Task details — Please set down the data word for word; images do not go in the copy.

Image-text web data
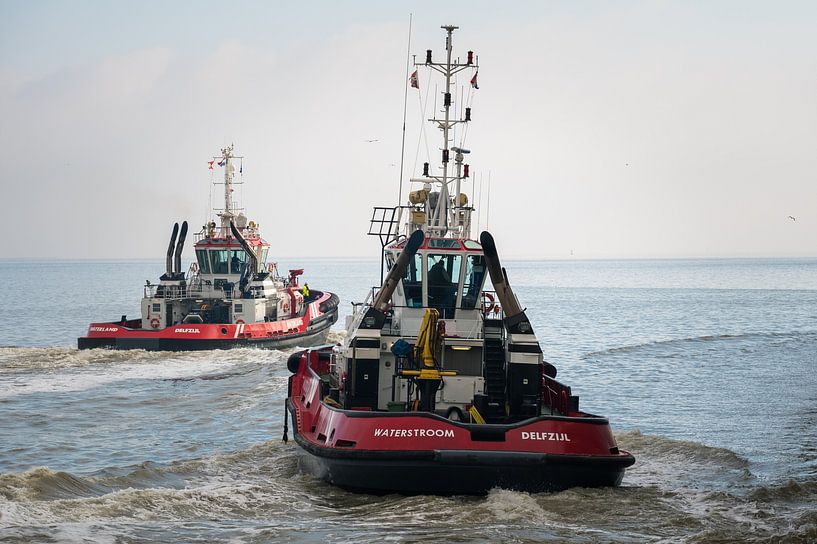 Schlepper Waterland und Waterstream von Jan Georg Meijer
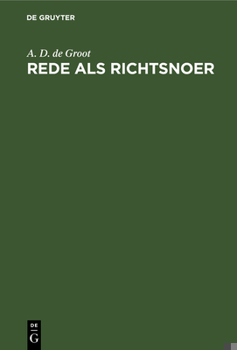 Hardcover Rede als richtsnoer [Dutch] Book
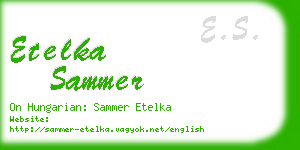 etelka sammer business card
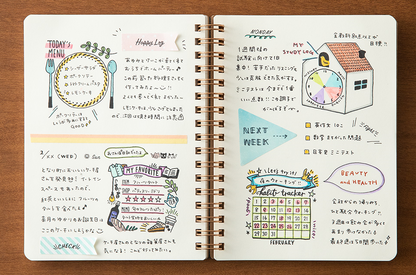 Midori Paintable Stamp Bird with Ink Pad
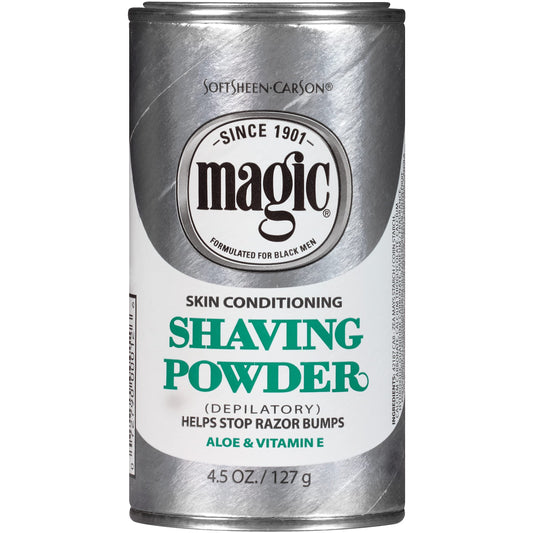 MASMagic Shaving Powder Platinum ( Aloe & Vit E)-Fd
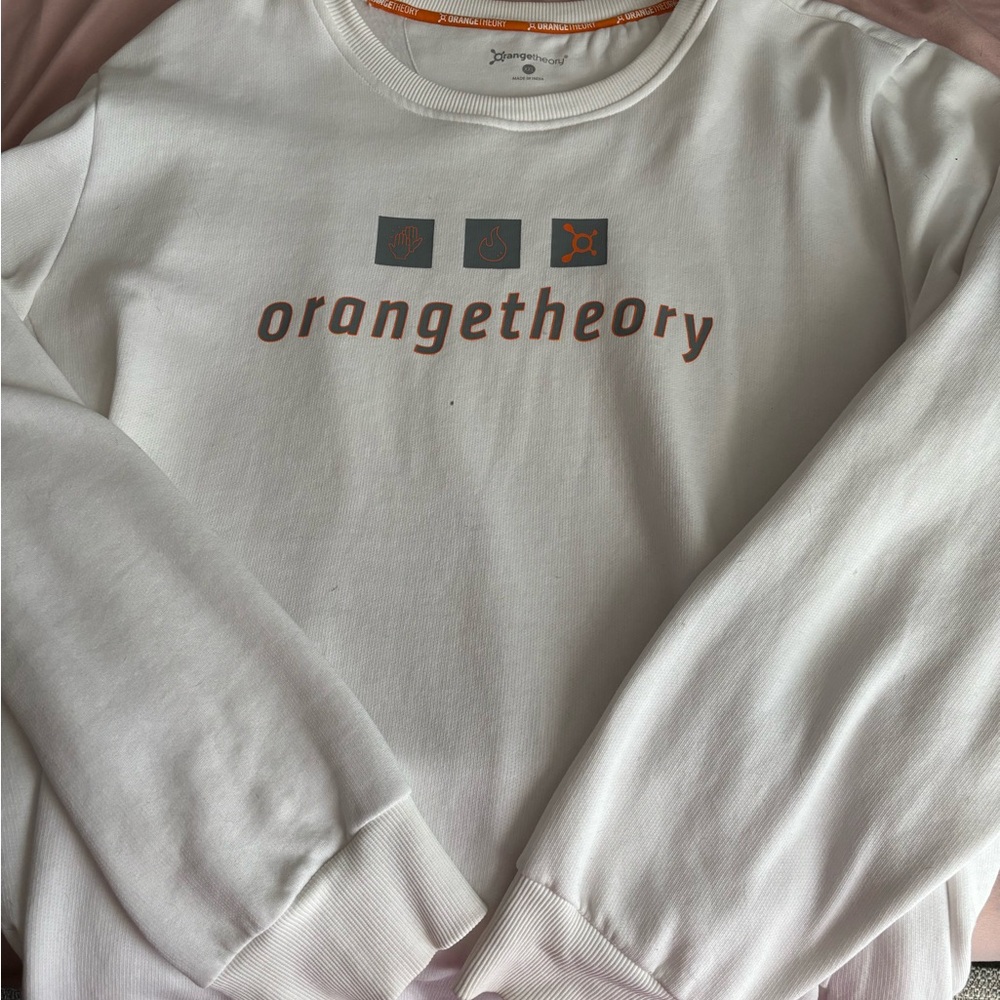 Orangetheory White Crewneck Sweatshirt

Answer below —
 Schlepper Waterland und Waterstream von Jan Georg Meijer
 Hardcover Rede als richtsnoer [Dutch] Book
 etelka sammer business card
 Midori Paintable Stamp Bird with Ink Pad
 MASMagic Shaving Powder Platinum ( Aloe & Vit E)-Fd
 Orangetheory White Crewneck Sweatshirt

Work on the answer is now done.